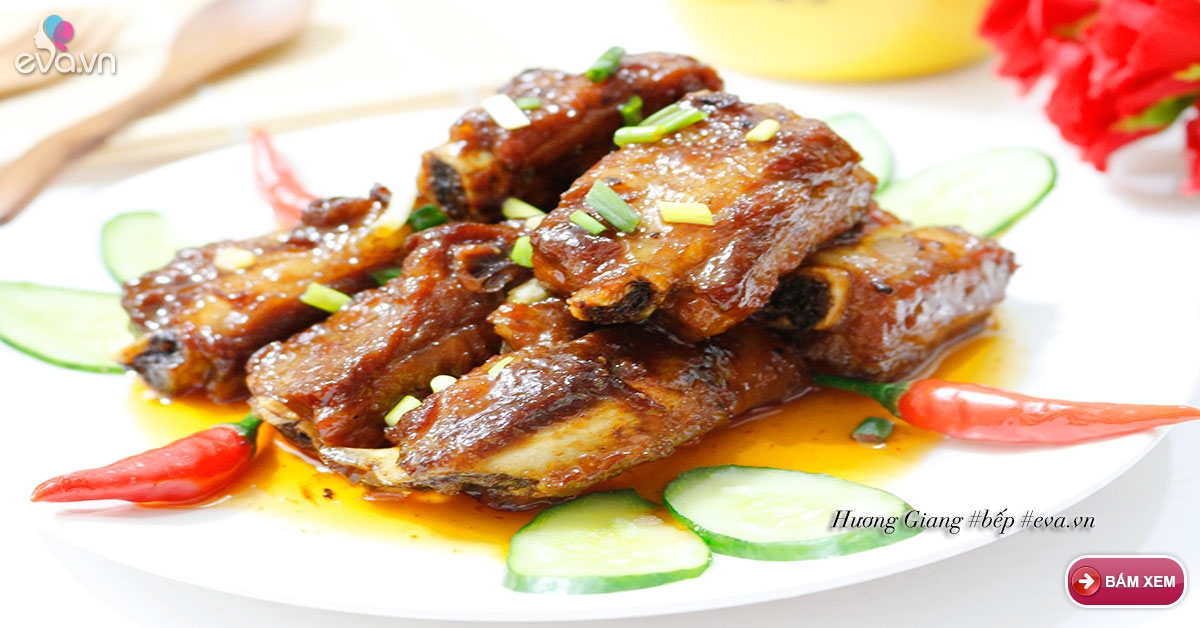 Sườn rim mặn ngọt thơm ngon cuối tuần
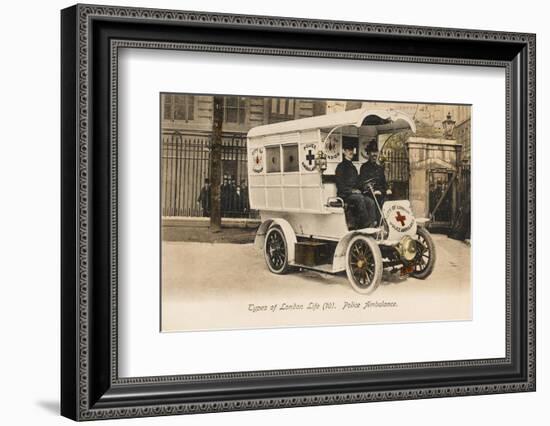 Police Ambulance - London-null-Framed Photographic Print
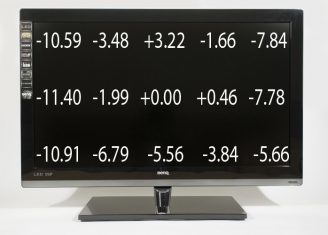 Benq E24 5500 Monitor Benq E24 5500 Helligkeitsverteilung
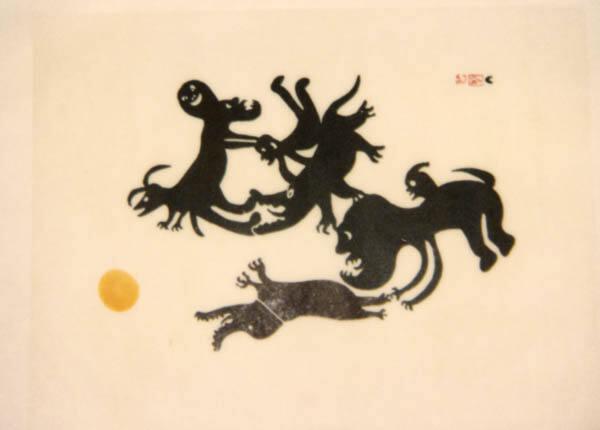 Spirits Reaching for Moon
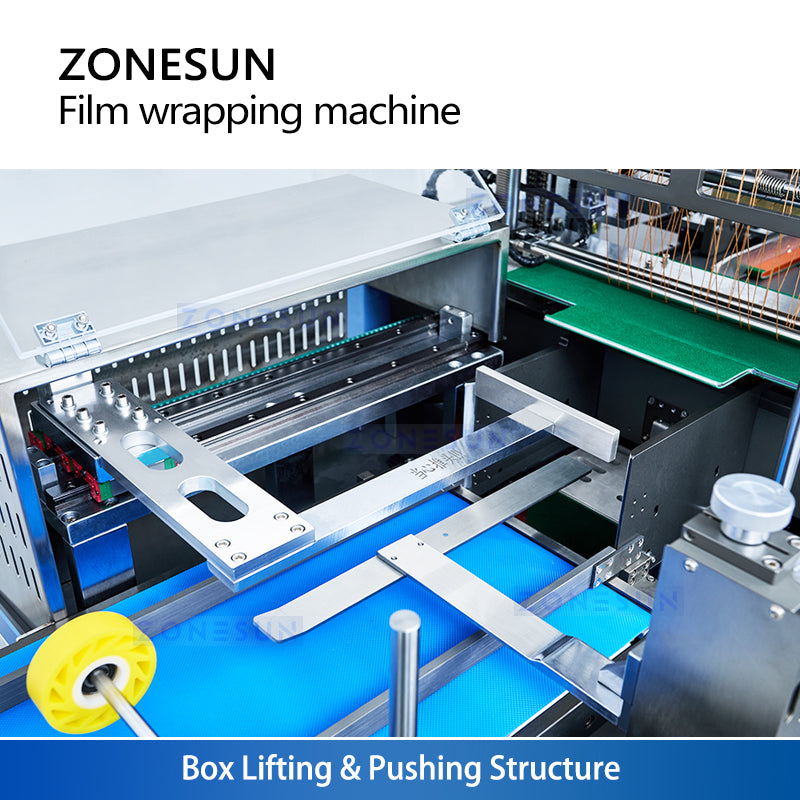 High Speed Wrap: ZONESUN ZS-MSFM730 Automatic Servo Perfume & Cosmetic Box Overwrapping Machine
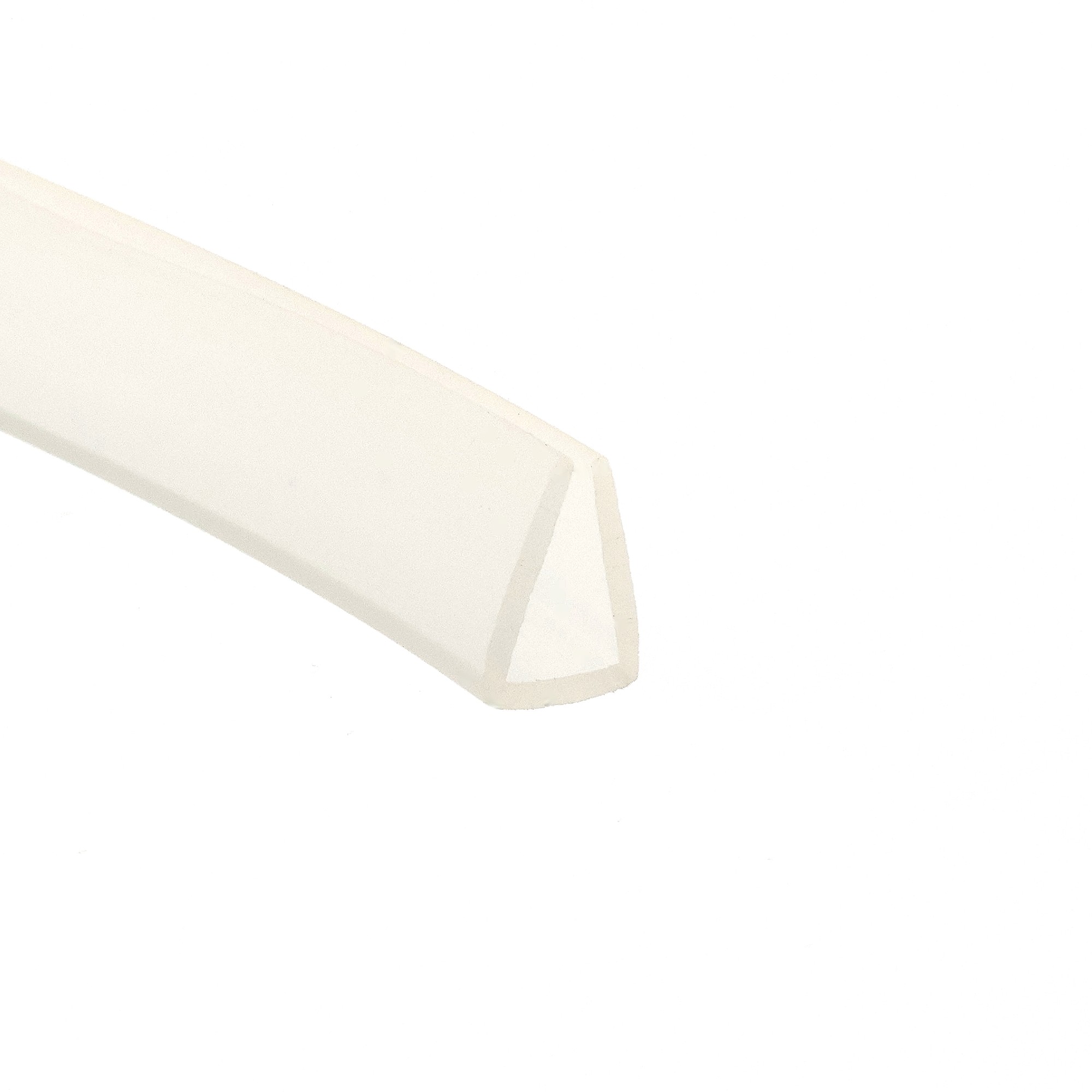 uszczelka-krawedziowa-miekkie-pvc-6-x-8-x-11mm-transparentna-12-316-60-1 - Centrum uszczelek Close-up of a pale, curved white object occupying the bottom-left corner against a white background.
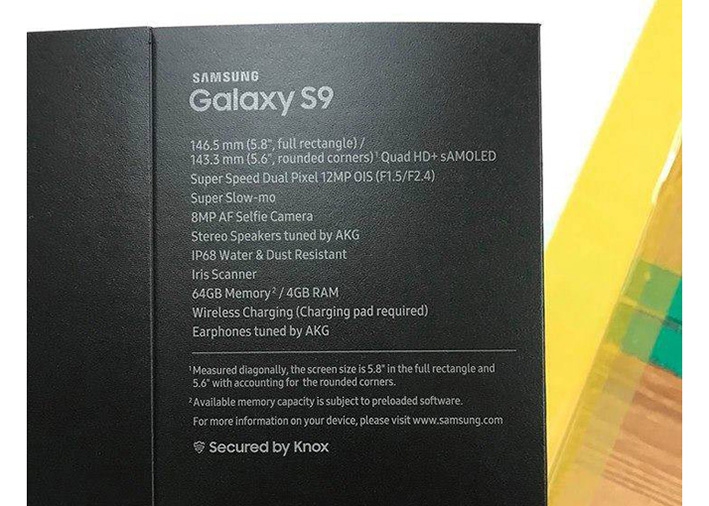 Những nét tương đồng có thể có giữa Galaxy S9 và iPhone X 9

■ ■ ■ ■ ■

» **Exercise brief**
In your reply, please print exactly the lines from the one with "Benq E24 5500 Monitor" through the final line of the listing above, both included, and no pictures.

» **Reply to the exercise**
 Benq E24 5500 Monitor Benq E24 5500 Helligkeitsverteilung
 Spirits Reaching for Moon
 High Speed Wrap: ZONESUN ZS-MSFM730 Automatic Servo Perfume & Cosmetic Box Overwrapping Machine
 uszczelka-krawedziowa-miekkie-pvc-6-x-8-x-11mm-transparentna-12-316-60-1 - Centrum uszczelek Close-up of a pale, curved white object occupying the bottom-left corner against a white background.
 Những nét tương đồng có thể có giữa Galaxy S9 và iPhone X 9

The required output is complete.